In [6]:
from google.colab import files
uploaded = files.upload()

Saving Netflix.csv to Netflix.csv


In [52]:
import pandas as pd
import plotly.express as px
import plotly.graph_objects as go
import plotly.io as pio
pio.templates.default = "plotly_white"

netflix_data = pd.read_csv("Netflix.csv")

netflix_data.head()

Unnamed: 0,Title,Type,Genre,Release Year,Rating,Runtime (min),Country,Language,Director
0,Stranger Things,TV Show,"Drama, Fantasy",2016,TV-14,50,USA,English,The Duffer Bros
1,The Crown,TV Show,"Drama, Biography",2016,TV-MA,58,UK,English,Peter Morgan
2,The Irishman,Movie,"Crime, Drama",2019,R,209,USA,English,Martin Scorsese
3,The Witcher,TV Show,"Drama, Fantasy",2019,TV-MA,60,USA,English,Lauren Schmidt Hissrich
4,Bird Box,Movie,"Thriller, Horror",2018,R,124,USA,English,Susanne Bier


In [17]:
# Strip any unwanted spaces from column names
netflix_data.columns = netflix_data.columns.str.strip()

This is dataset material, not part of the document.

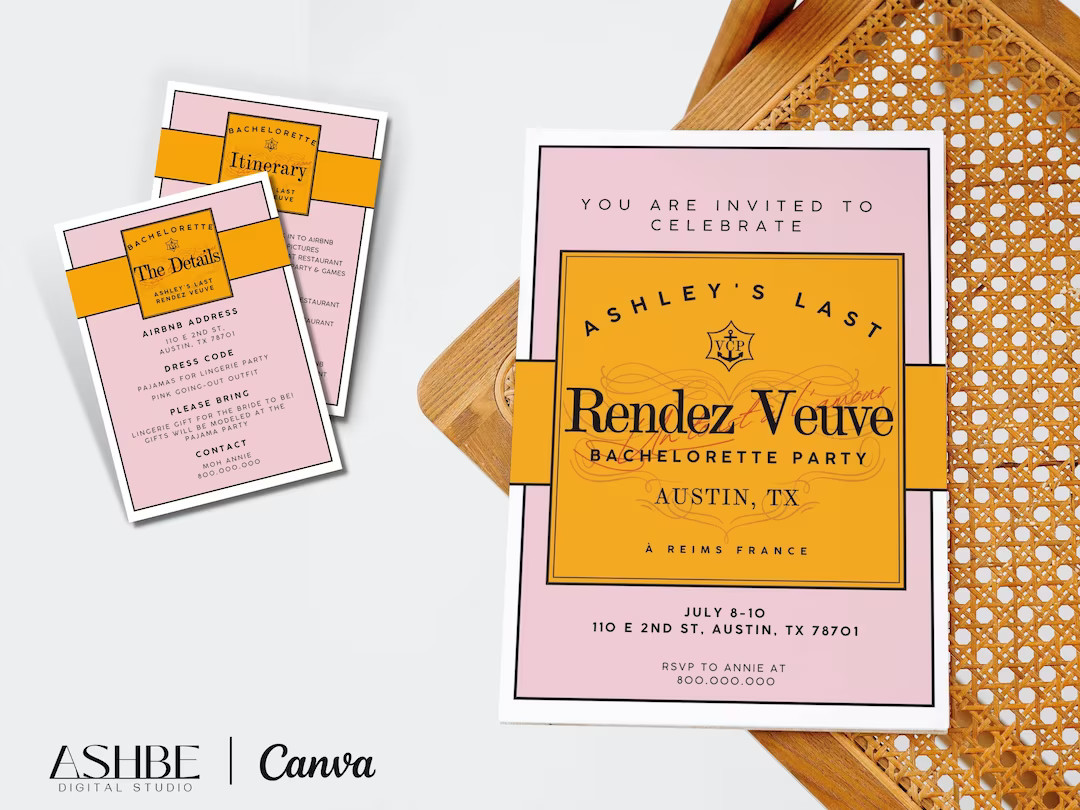 Editable Bachelorette Invitation Canva Template | Digital 5x7 Printable | Veuve Before Vows | Ren... | Etsy (US)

# Print the actual column names to check for typos or case sensitivity issues
print(netflix_data.columns)

# Convert 'Runtime (min)' to numeric format,
# ensuring the column name matches exactly with the printed output above
# Check if 'Runtime (min)' is in the columns, and if not, use the actual name
if 'Runtime (min)' in netflix_data.columns:
    netflix_data['Runtime (min)'] = netflix_data['Runtime (min)'].replace(',', '', regex=True).astype(float)
else:
    # If not found, find the closest match and use that instead
    closest_match = next((col for col in netflix_data.columns if 'Runtime (min)' in col), None)
    if closest_match:
        print(f"Using column '{closest_match}' instead of 'Runtime (min)'")
        netflix_data[closest_match] = netflix_data[closest_match].replace(',', '', regex=True).astype(float)
    else:
        print("Could not find a suitable column for 'Runtime (min)'")

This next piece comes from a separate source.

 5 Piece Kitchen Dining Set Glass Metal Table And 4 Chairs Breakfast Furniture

# Display the first few rows to confirm
print(netflix_data[['Title', 'Runtime (min)']].head() if 'Runtime (min)' in netflix_data.columns else netflix_data.head())

Index(['Title', 'Type', 'Genre', 'Release Year', 'Rating', 'Runtime (min)',
       'Country', 'Language', 'Director'],
      dtype='object')
             Title  Runtime (min)
0  Stranger Things           50.0
1        The Crown           58.0
2     The Irishman          209.0
3      The Witcher           60.0
4         Bird Box          124.0


In [21]:
print(netflix_data.columns)


Index(['Title', 'Type', 'Genre', 'Release Year', 'Rating', 'Runtime (min)',
       'Country', 'Language', 'Director'],
      dtype='object')


In [42]:
# Count content by country
country_count = netflix_data['Country'].value_counts().head(10)

# Create the plot
import plotly.graph_objects as go

fig = go.Figure(data=[
    go.Bar(
        x=country_count.index,
        y=country_count.values,
        marker_color='lightgreen'
    )
])

fig.update_layout(
    title='Top 10 Countries by Content Count',
    xaxis_title='Country',
    yaxis_title='Content Count',
    xaxis_tickangle=45,
    height=600,
    width=1000
)

fig.show()


In [43]:
# Count the content by Rating and Type (Movies vs TV Shows)
rating_type_count = netflix_data.groupby(['Rating', 'Type']).size().unstack()

# Create the plot
fig = go.Figure(data=[
    go.Bar(
        x=rating_type_count.index,
        y=rating_type_count['Movie'],
        name='Movies',
        marker_color='lightcoral'
    ),
    go.Bar(
        x=rating_type_count.index,
        y=rating_type_count['TV Show'],
        name='TV Shows',
        marker_color='lightblue'
    )
])

fig.update_layout(
    title='Content Distribution by Rating and Type (Movie/TV Show)',
    xaxis_title='Rating',
    yaxis_title='Content Count',
    barmode='stack',
    height=600,
    width=1000
)

fig.show()


In [44]:
# Count content by director
director_count = netflix_data['Director'].value_counts().head(5)

# Create the plot
fig = go.Figure(data=[
    go.Bar(
        x=director_count.index,
        y=director_count.values,
        marker_color='lightblue'
    )
])

fig.update_layout(
    title='Top 5 Directors with the Most Content on Netflix',
    xaxis_title='Director',
    yaxis_title='Content Count',
    xaxis_tickangle=45,
    height=600,
    width=1000
)

fig.show()


In [45]:
# Convert runtime to numeric and handle non-numeric values
netflix_data['Runtime (min)'] = pd.to_numeric(netflix_data['Runtime (min)'], errors='coerce')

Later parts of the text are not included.